Starting at the line that contains "皮尔斯无球跑动制造错位，关键回合得分占比显著提升" in the listing below, write out every line word for word until you have written the line that contains "12 Aerodrome Road, Stanthorpe QLD 4380".

[[ Data section open ]]

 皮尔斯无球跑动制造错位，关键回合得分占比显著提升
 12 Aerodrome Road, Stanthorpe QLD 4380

[[ Data section closed ]]
[[ Data section open ]]

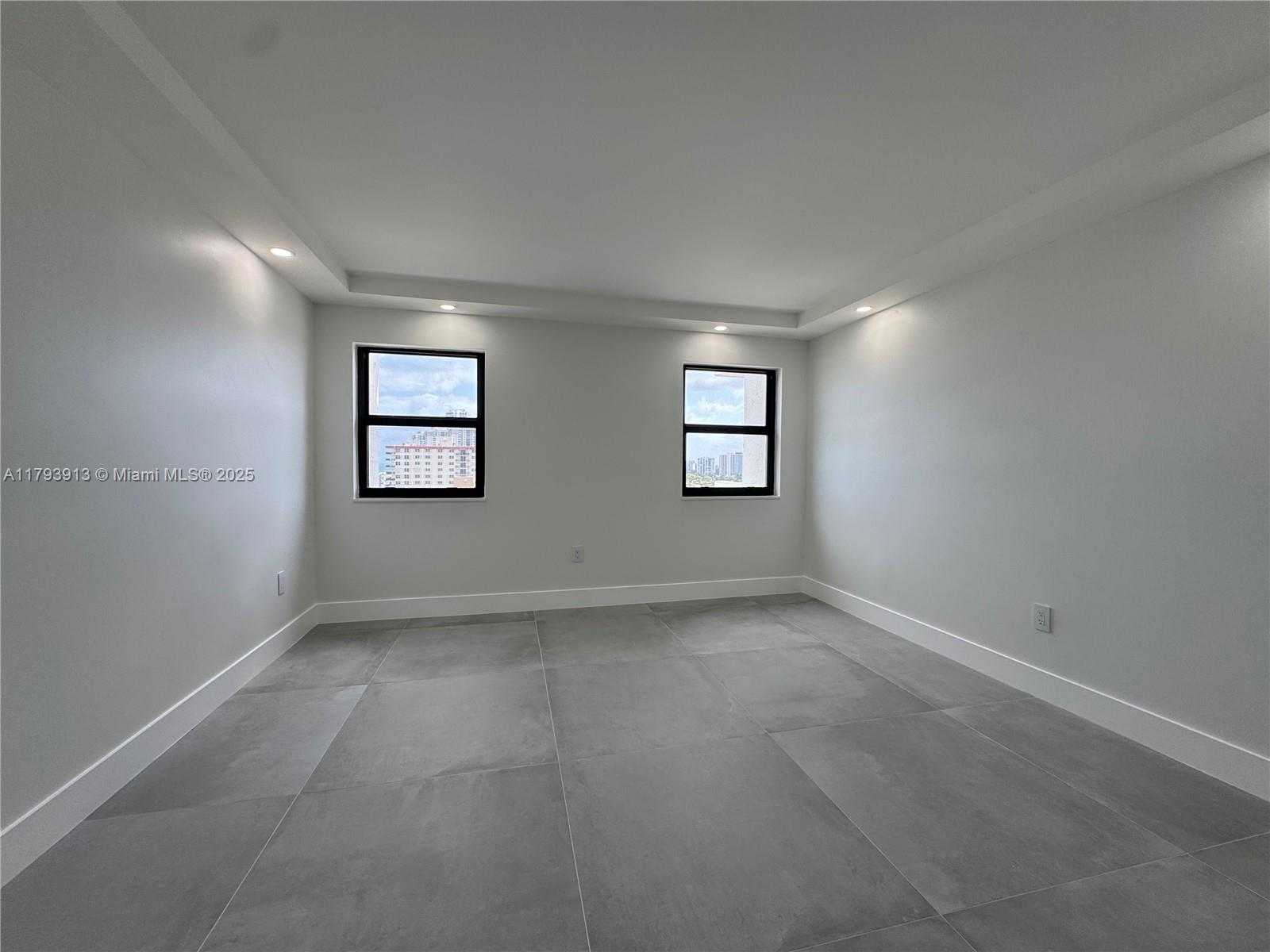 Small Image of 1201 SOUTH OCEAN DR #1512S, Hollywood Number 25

[[ Data section closed ]]
[[ Data section open ]]

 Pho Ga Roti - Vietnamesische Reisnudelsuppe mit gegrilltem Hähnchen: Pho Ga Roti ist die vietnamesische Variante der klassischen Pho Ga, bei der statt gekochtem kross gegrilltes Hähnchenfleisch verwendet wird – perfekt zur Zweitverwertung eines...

[[ Data section closed ]]

• [Answer section]:
 皮尔斯无球跑动制造错位，关键回合得分占比显著提升
 12 Aerodrome Road, Stanthorpe QLD 4380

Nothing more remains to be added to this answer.